If you miss the deadline by:
- up to 6 months, you will get a penalty of £100
- more than 6 months, a further penalty of £300 or 5% of any tax due, whichever is greater
- more than 12 months, a further penalty of £300 or 5% of any tax due, whichever is greater
If you have to pay any non-resident Capital Gains Tax within the same 30 day period, late payment penalties and interest may also be due if you miss the deadline.
If any non-resident Capital Gains Tax remains unpaid after 31 January following the end of the tax year of the disposal then a late payment penalty of 5% of the tax outstanding will be charged.
Calculate what you need to pay
Work out what you need to pay if you’ve sold or disposed of a UK residential property since 6 April 2015.
You can use the non-resident Capital Gains Tax calculator if you’re a non-UK resident individual who’s sold or given away your entire share of a UK residential property. The calculator will take you about 10 minutes to use.

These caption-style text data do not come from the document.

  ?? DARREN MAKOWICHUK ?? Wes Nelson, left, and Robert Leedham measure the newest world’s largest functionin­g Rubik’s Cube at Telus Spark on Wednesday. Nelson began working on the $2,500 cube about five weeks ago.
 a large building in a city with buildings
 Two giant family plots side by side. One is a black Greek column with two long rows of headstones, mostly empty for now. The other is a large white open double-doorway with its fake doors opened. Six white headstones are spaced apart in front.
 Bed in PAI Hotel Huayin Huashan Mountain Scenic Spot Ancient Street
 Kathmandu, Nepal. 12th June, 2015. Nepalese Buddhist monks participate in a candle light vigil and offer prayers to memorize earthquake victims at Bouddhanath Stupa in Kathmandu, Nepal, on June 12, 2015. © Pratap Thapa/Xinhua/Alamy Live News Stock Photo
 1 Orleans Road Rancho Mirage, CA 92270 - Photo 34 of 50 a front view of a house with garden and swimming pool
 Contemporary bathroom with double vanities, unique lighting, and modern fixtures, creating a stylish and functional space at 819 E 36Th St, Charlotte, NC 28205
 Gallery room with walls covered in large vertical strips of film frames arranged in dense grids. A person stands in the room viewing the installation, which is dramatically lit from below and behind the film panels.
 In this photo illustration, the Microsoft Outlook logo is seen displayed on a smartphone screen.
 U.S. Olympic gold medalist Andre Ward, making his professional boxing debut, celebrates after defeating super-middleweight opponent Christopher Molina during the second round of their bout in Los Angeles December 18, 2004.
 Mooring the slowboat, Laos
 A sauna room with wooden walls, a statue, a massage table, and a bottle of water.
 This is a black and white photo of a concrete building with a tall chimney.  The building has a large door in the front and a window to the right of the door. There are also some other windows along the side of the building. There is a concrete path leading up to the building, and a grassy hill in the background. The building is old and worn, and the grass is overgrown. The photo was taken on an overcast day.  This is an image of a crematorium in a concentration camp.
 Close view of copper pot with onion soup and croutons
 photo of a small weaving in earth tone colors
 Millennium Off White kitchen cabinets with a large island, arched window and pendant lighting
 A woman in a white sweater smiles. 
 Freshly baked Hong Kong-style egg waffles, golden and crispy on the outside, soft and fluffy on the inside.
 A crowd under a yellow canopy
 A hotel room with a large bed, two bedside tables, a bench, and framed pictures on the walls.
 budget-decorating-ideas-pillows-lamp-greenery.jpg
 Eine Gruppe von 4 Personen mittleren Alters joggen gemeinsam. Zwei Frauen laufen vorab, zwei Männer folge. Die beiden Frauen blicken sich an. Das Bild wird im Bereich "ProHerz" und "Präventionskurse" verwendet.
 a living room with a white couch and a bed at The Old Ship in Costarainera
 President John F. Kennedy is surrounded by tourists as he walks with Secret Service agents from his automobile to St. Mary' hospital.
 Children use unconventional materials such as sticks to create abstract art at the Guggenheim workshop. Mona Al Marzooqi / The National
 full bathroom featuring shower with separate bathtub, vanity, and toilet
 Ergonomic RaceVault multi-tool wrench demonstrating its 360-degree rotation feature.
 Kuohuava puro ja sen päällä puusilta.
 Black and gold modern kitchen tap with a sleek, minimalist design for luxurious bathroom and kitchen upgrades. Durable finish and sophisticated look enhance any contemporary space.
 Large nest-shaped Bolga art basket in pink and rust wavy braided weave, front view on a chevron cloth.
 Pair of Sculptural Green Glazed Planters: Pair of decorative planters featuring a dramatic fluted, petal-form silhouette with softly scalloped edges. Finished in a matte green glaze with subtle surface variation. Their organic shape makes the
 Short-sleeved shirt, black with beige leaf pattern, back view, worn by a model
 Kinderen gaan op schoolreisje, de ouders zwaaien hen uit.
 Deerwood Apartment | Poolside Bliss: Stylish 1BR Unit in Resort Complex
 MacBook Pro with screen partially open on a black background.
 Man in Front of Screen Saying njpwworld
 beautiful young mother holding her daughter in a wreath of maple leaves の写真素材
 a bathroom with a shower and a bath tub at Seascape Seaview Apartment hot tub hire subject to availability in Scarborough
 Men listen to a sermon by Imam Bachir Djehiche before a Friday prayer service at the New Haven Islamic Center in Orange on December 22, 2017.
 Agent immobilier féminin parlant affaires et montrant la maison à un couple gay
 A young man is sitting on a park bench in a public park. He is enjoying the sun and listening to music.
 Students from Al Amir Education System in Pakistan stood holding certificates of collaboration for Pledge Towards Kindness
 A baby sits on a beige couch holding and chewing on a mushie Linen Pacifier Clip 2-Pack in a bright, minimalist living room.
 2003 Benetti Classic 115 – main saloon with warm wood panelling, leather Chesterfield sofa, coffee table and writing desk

Do not use the calculator if:
- you used all or part of the property to conduct business
- your property, garden and grounds take up more than 0.5 hectares
- you’re an agent, company, trustee or personal representative
- you’ve sold or given away a part share of your UK residential property
This is a beta service.
You must complete a separate return for each disposal, and any amendments you make. When you report the disposal, you need to include a computation of your gain or loss with your return.
You do not need to do this if you’re a fund or company claiming exemption from tax, or you’ve elected to defer payment.
If you choose to defer payment, the computation should be included with the relevant Self Assessment or ATED-related Capital Gains Tax return and payment made as part of your normal end of year payment.
Different rules apply if you’re temporarily non-resident and make disposals during a tax year when you were either non-resident or during the overseas part of a split year.
If you meet the temporary non-resident rules then the portion of gain not charged to non-resident Capital Gains Tax will come within the scope of UK Capital Gains Tax for the year, or period of return to the UK.
If you do not meet the temporary non-resident rules there will not be an additional UK Capital Gains Tax charge for the earlier disposal when you return to the UK.
Individuals (including trustees and executors, or personal representatives of a deceased person) are entitled to the Capital Gains Tax Annual Exempt Amount (AEA). You can only use the AEA once in a tax year, even if it was a split year.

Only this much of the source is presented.